Ending theme "Samurai Jack"
Country of origin United States
Original language(s) English
No. of seasons 4
No. of episodes 52 (list of episodes)
Executive producer(s) Genndy Tartakovsky
Producer(s) Genndy Tartakovsky
Running time 22 minutes
Production company(s) Cartoon Network Studios
Distributor Cartoon Network
Original network
Picture format 480i (seasons 1-4)
1080i (season 5)
Original release
  • August 10, 2001 (2001-08-10) –
  • September 25, 2004 (2004-09-25)
External links

Samurai Jack is an American action-adventure chanbara animated series created by Genndy Tartakovsky for Cartoon Network. The series follows Jack, a time-displaced samurai, in his singular quest to travel back in time and defeat the tyrannical demon Aku. The series is known for its cinematic atmosphere, masking-based animation style, and battle scenes which pay homage to samurai films.

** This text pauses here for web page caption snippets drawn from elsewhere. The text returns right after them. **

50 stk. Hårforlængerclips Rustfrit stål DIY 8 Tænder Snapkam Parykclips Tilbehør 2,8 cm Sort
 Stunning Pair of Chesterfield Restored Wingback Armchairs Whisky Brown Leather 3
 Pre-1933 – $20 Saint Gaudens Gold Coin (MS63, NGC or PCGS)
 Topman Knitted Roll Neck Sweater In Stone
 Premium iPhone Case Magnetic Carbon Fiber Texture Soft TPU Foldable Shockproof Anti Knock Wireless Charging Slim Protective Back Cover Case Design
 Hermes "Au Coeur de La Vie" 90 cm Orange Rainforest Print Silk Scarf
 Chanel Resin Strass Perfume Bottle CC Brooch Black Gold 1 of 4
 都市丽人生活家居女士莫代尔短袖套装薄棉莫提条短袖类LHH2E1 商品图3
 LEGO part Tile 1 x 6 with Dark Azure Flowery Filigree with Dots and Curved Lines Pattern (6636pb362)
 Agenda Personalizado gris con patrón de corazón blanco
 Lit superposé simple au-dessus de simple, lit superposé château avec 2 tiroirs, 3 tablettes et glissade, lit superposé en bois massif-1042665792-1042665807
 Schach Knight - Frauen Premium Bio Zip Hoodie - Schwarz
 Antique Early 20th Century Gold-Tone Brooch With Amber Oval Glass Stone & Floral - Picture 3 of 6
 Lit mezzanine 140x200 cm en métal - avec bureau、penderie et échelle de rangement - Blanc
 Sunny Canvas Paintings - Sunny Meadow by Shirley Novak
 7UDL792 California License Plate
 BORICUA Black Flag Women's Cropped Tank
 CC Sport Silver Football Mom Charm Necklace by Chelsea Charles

Tartakovsky drew from a number of influences when creating the series, including the 1970s series Kung Fu, classic anime, and the works of directors Akira Kurosawa and David Lean. The series premiered on August 10, 2001, with a TV movie called The Premiere Movie. The series ended on September 25, 2004, after airing 52 episodes.

Samurai Jack has since garnered high critical acclaim. It won 4 Primetime Emmy Awards, 6 Annie Awards and 1 OIAF Award, as well as eight additional nominations. All four seasons have been released on DVD by Warner Home Video.


Plot and characters

"Long ago in a distant land, I, Aku, the shape-shifting Master of Darkness, unleashed an unspeakable evil! But a foolish samurai warrior wielding a magic sword stepped forth to oppose me. Before the final blow was struck, I tore open a portal in time and flung him into the future, where my evil is law! Now the fool seeks to return to the past, and undo the future that is Aku!"

-Aku, in the opening title sequence

Samurai Jack tells the story of a young prince (voiced by Phil LaMarr) from feudal Japan, whose father acquired a magical katana that he used to defeat and seal a shape-shifting demon named Aku (Mako Iwamatsu). Having foreseen that Aku would eventually break free, the Emperor sent his son to travel the world and train his mind and his body before returning years later to Japan as an adult. After taking his father's katana, the prince challenges Aku to a duel and defeats him. But Aku creates a time portal before the prince can deal the final blow, sending his opponent into the distant future with anticipation that he would be able to amass sufficient power to deal with the samurai by that time.[1]

The prince arrives in a dystopian, retro-futuristic Earth ruled by Aku and filled with his robot minions and a large number of alien immigrant races of various appearances. The first people he encounters in the future call him "Jack" as a form of slang, which he adopts as his name (his true given name is never mentioned in the series).[2] Standard episodes follow Jack's search for a way to travel back to his own time, where he hopes to stop Aku before these events come to pass. The cartoon depicts Jack's quest to find a time portal, while constantly facing obstacles set by Aku in a classic battle of good vs. evil. Typically, each time Jack believes he has reached the end of his quest, something causes him to miss his chance.[3][4]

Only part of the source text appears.